Unfortunately for her, for the church as a whole, and for the students, and for the life of Youth Ministry in the community, Paul thinks women should be silent in the church...
Said church, I am sure, will not be hiring said intern. Apparently, for this particular church, it's ok for women to be secretaries, interns, probably even janitors, but the word of God is something that only men can really teach about... unless it's in Sunday School (there's never enough male teachers).

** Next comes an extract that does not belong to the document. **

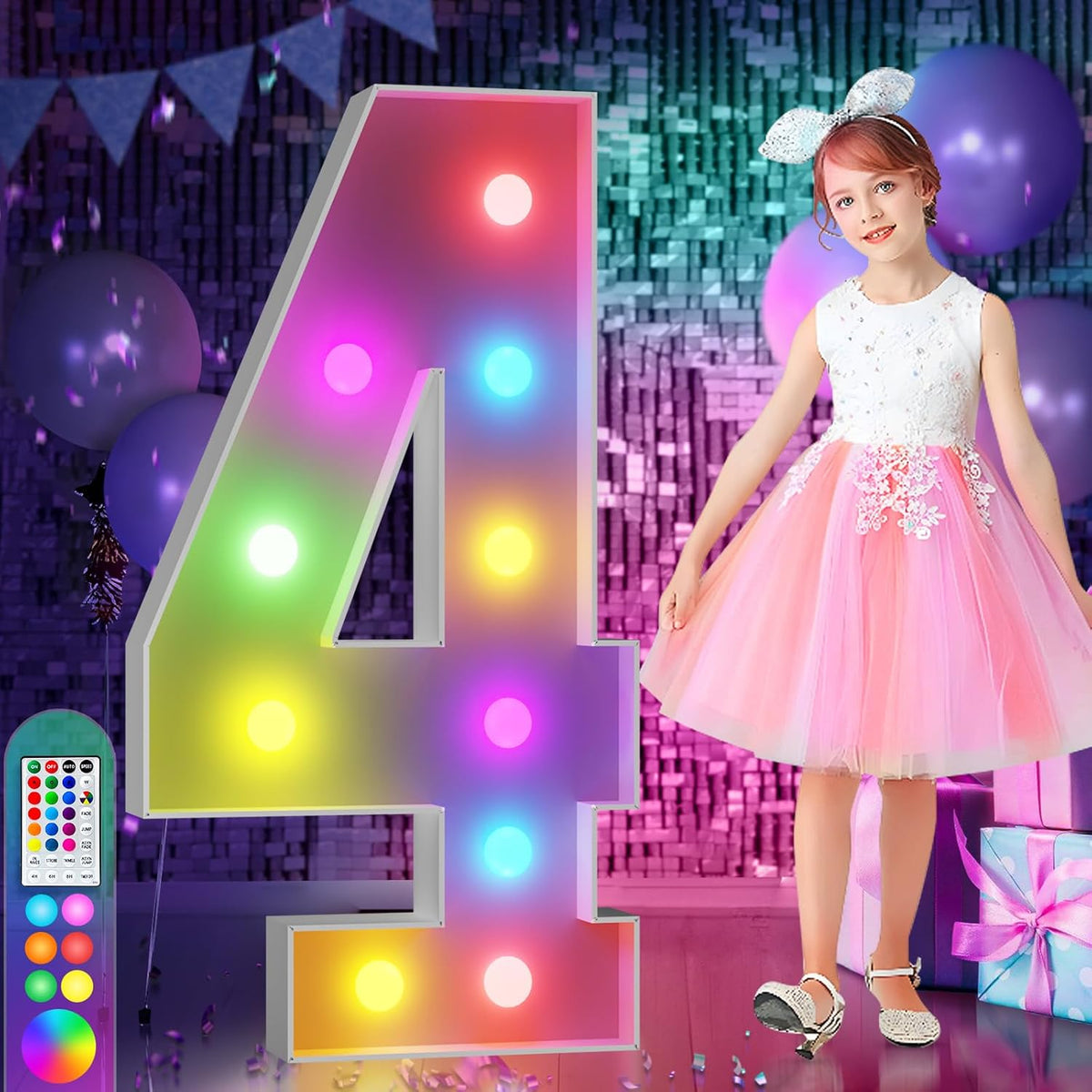 imprsv 4FT Colorful Marquee Numbers,18 Colors Number 4 with Remote, Light Up Numbers Sign for 4th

This is the point which we should rethink our logic! It's nothing short of oppressive to keep women, whose calling has been felt just as strongly as any male pastor you and I have met, from the pulpit. The church is missing out on their unique message, the youth are missing out, those outside the walls of the church are missing out, they are missing out. Even if the man is the head of the woman (and trust me, there are other ways of understanding 1 Corinthians 11:3) then the man should lead the woman as Christ leads the church, empowering them and calling them saying "as the father sent me, so I send you" (John 20). Once we've realized that if we continue this pattern more and more God sent and passionately qualified women will be answering phones, we must return to the text. If we're going to view scripture as authoritative at all then we must humbly remember that our interpretation is not infallible and we must return to it daily with new challenges and with a renewed dedication to understand what it's really saying, and in doing so, we must hold every "individual" verse in the light of the whole Biblical narrative.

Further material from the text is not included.